Tuesday, January 12, 2010

Confessions of a not so Dangerous Mind: Aspirations vs. Reality

Exile allows the werewolf plenty of time to think. Too much, sometimes. The werewolf is a late twenty-something with a liberal arts degree, MBA, and several years of diversified professional experience in financial services, tobacco, and politics. Although described by some as an eccentric, he's your average aspirational American white dude trying to make sense of this struggle called life.

We all dream of the ideal where, what, and who we are, or shall become. For the likes of Mr. Day (see previous post), it manifests itself rather tragically, and ends pathetically. For others, it matures on a more realistic level. One of the werewolf's closest friends, a hot-shot attorney, aspires to a judgeship. The werewolf has other friends who realistically aspire to things like being a good father, a respected writer and author, a successful entrepreneur, a senator, and so on. All admirable, some realistic, and each honest in its own way. He did have an acquaintance during his undergraduate at Emory who vociferously aspired to become a dictatorial Sri Lankan strongman, while also boasting about being in a pilates class with former First Lady Rosalyn Carter. (The werewolf still isn't sure which was weirder, the dictatorial dream, or lying about pilates with a former First Lady)

The werewolf has his own conundrum. If he could be the architect of fate, the werewolf would like to have been a great white hunter in Africa during the late 19th or early 20th century, or a Rhett Butler-esque gentleman mercenary, fighting for just, but lost causes.

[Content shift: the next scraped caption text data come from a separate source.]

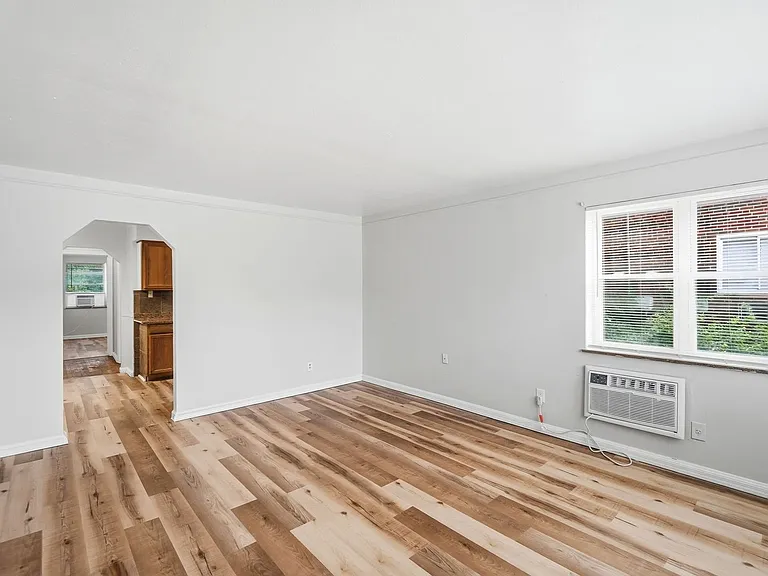 Cozy Apartment Building in Reading District! — Photo 9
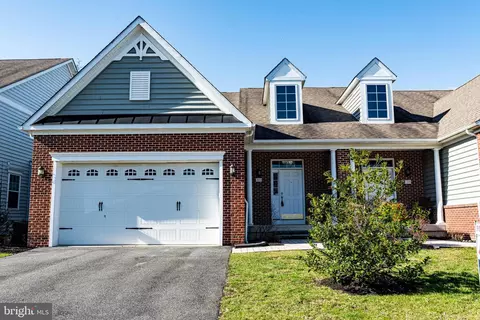 392 Sun Blvd, Bear, DE 19701 photo 1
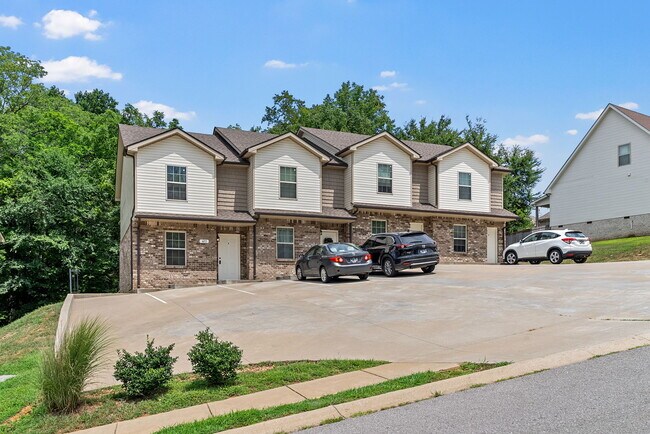 Foto del edificio - 431 Glenstone Springs Dr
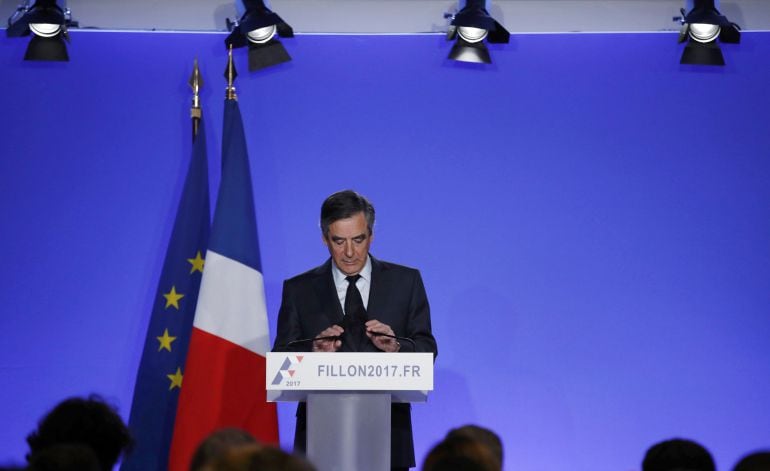 Francois Fillon anunciando que no se retirará de la carrera presidencial a pesar de las acusaciones.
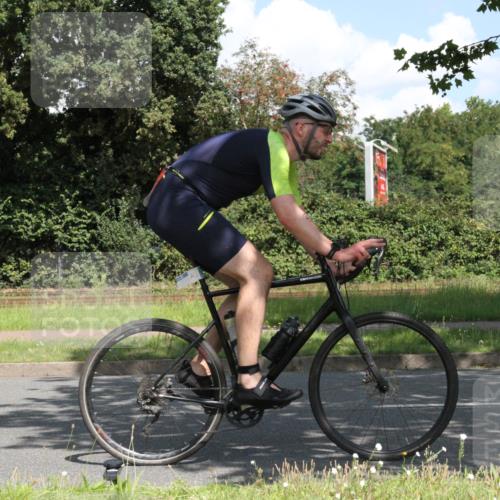 10.08.2025 - GEWOBA Citytriathlon Bremen Yannick Fuchs http://msf.ph/oto/8569118 10.08.2025 13:08:34 Radfahren 551, 552, 692, 702, 768, 824, 836, 855, 859, 968, 980, 1016 meine-sportfotos.de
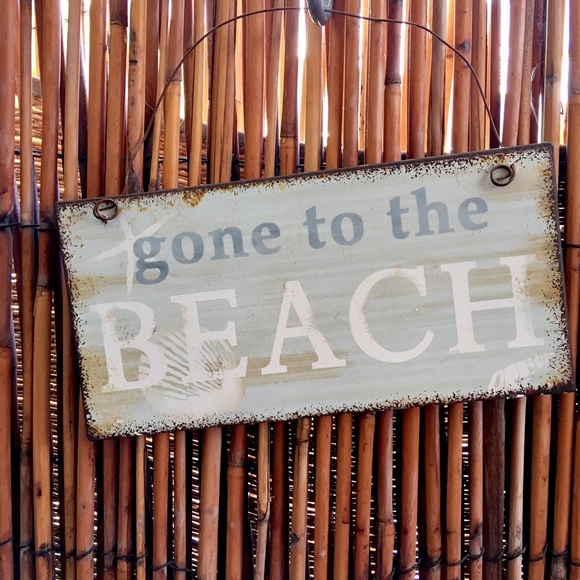 Vintaged Metal Door Sign 'Gone to the ๐ Beach' - Picture 3 of 6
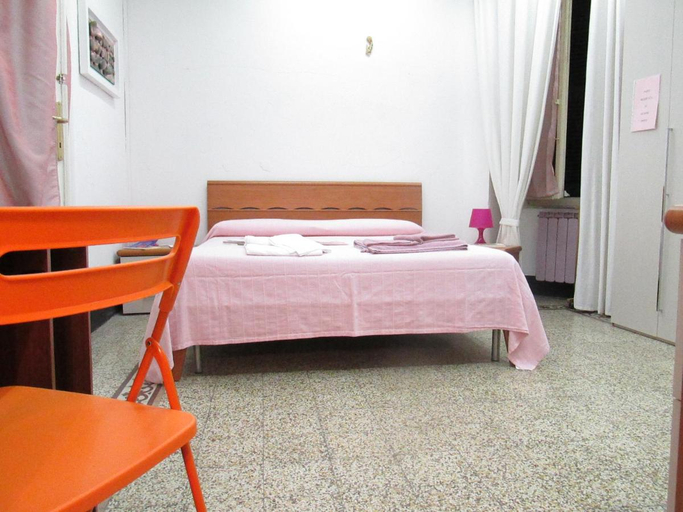 Bedroom 3, Appartamento e Camere Erika La Spezia, La Spezia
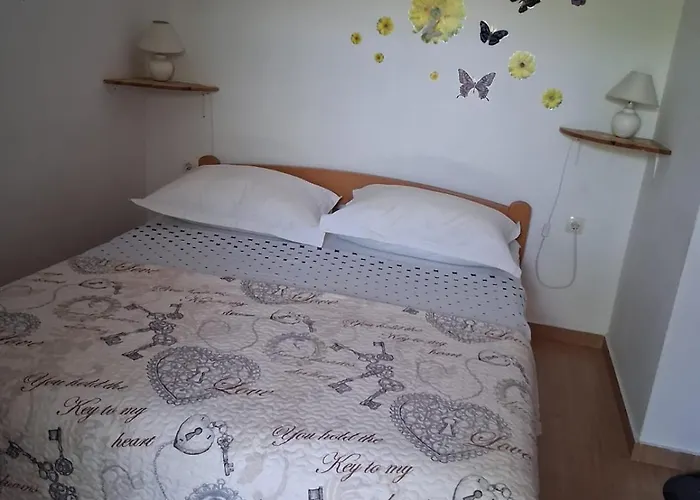Mira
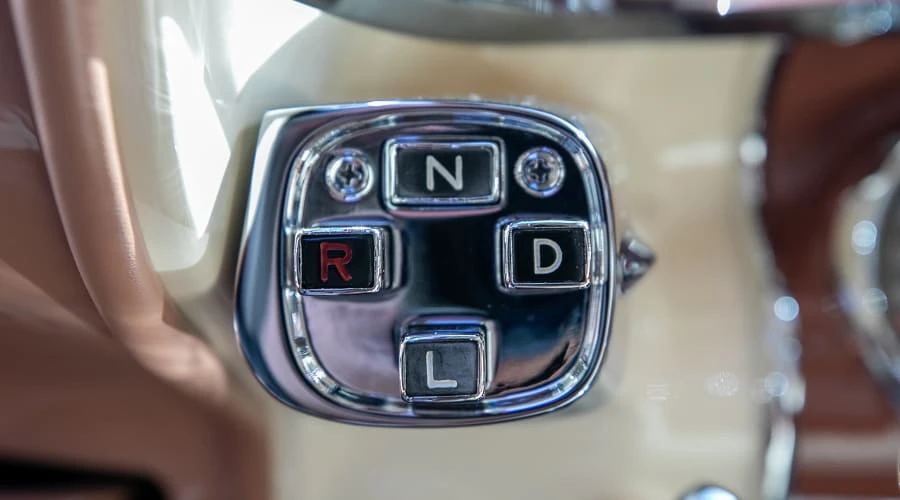 1956 Chrysler New Yorker - Image 27 of 30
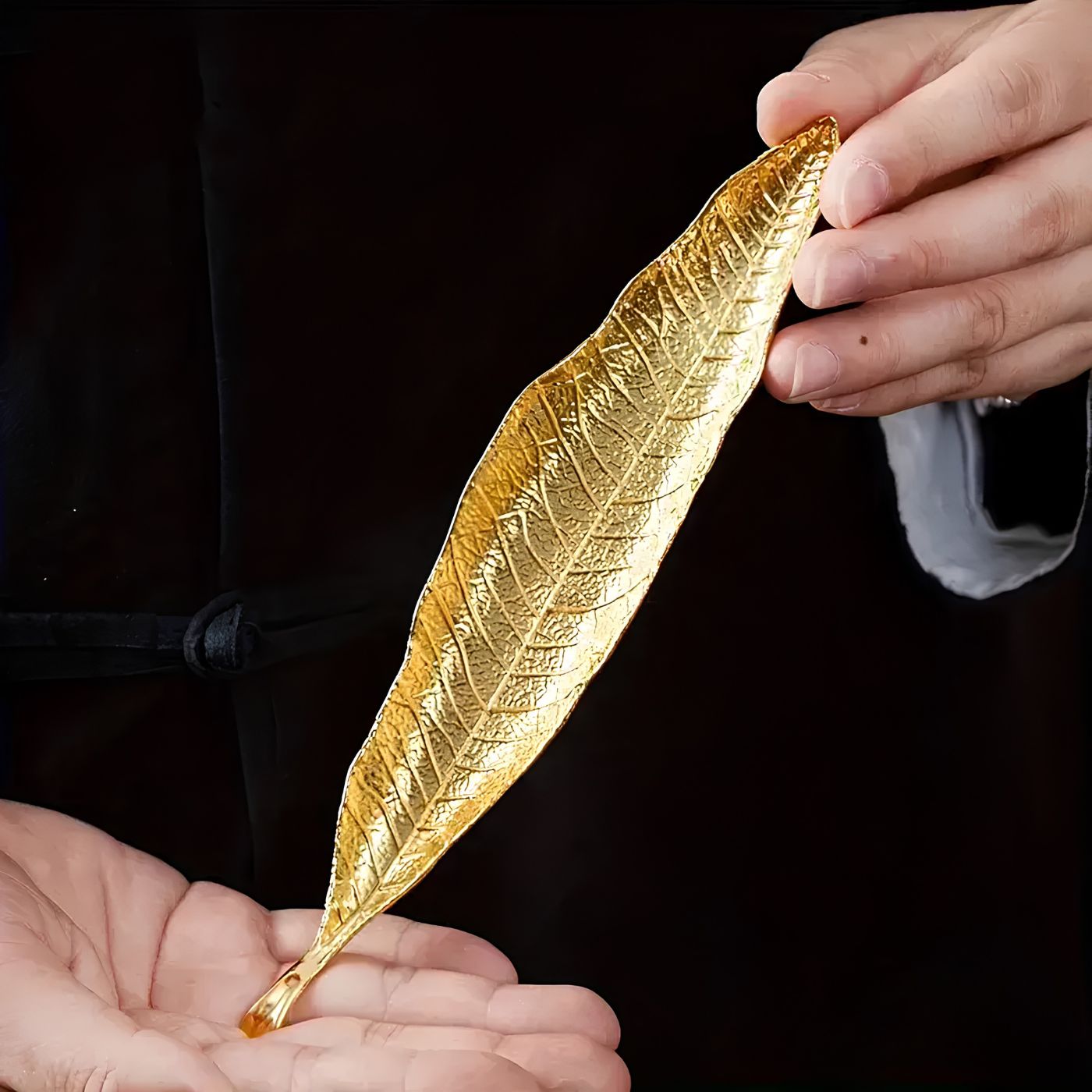 Aromatherapy incense burner in leaf design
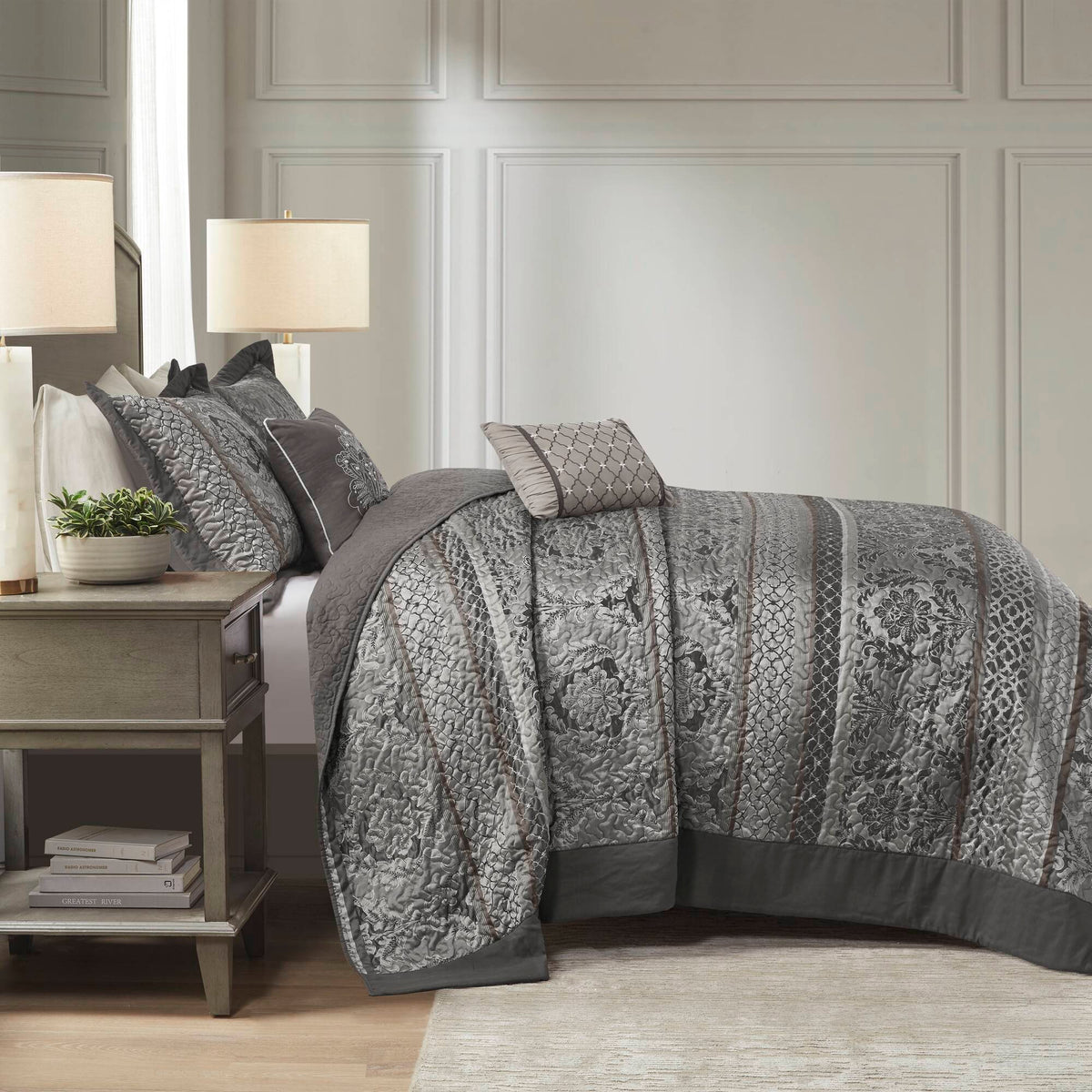 Bellagio 5 Piece Reversible Jacquard Bedspread Set - Grey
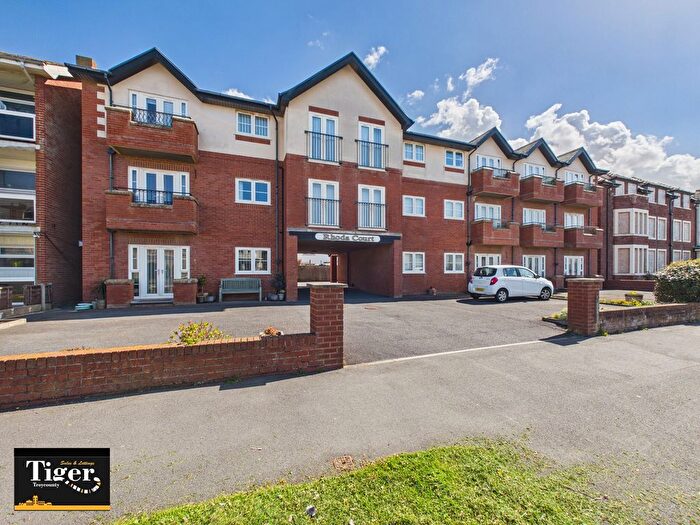 2 Bedroom Flat To Rent In Clifton Drive, Blackpool, FY4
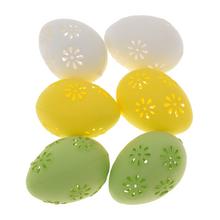 Plastová vajíčka s květinovým vzorem v bílé, žluté a zelené barvě.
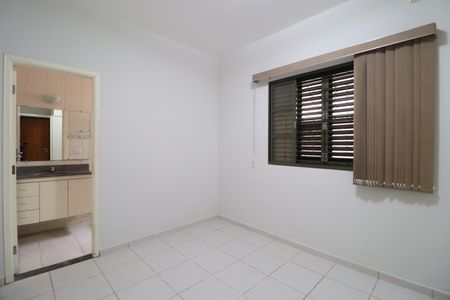 Casa para alugar com 250m², 3 quartos e 4 vagasQuarto 1 - Suíte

He'd have settled for being on the frontier of the British Empire during it's nascent stage development, or being an official in President Teddy Roosevelt's State Department. Sadly, those doors were slammed shut long before the werewolf was ever conceived, so he doesn't have to worry about being seduced into some pathetic lying scheme regarding the things he never can be. The werewolf is perfectly content with harboring and nurturing those pursuits in the wild wilderness of his imagination. In the meantime, the werewolf has settled for an aspiration of not living a life of quiet desperation. He knows the world will never be his oyster, but when exile ends, as long as it ends with something that has an element of excitement, travel, or pursuit of a cause (lost or not), but bigger than he, the werewolf will accept those terms and engage with the reckless vitality that has been pent-up in exile. He'll know when these terms present themselves. In the meantime, the werewolf will never run up the white flag of surrender or become beholden to boring conformity. That is something he'll never lie about, and will take to the grave. Here's to staying true and chasing aspirations.

1 comment:

  1. One of the truths of life is that life is no one's oyster. There's better and there's worse, but we all constantly revise our expectations and wants upwards and downwards depending on where we are. That's why I agree with you completely that living a decent, meaningful life is all one can really hope for.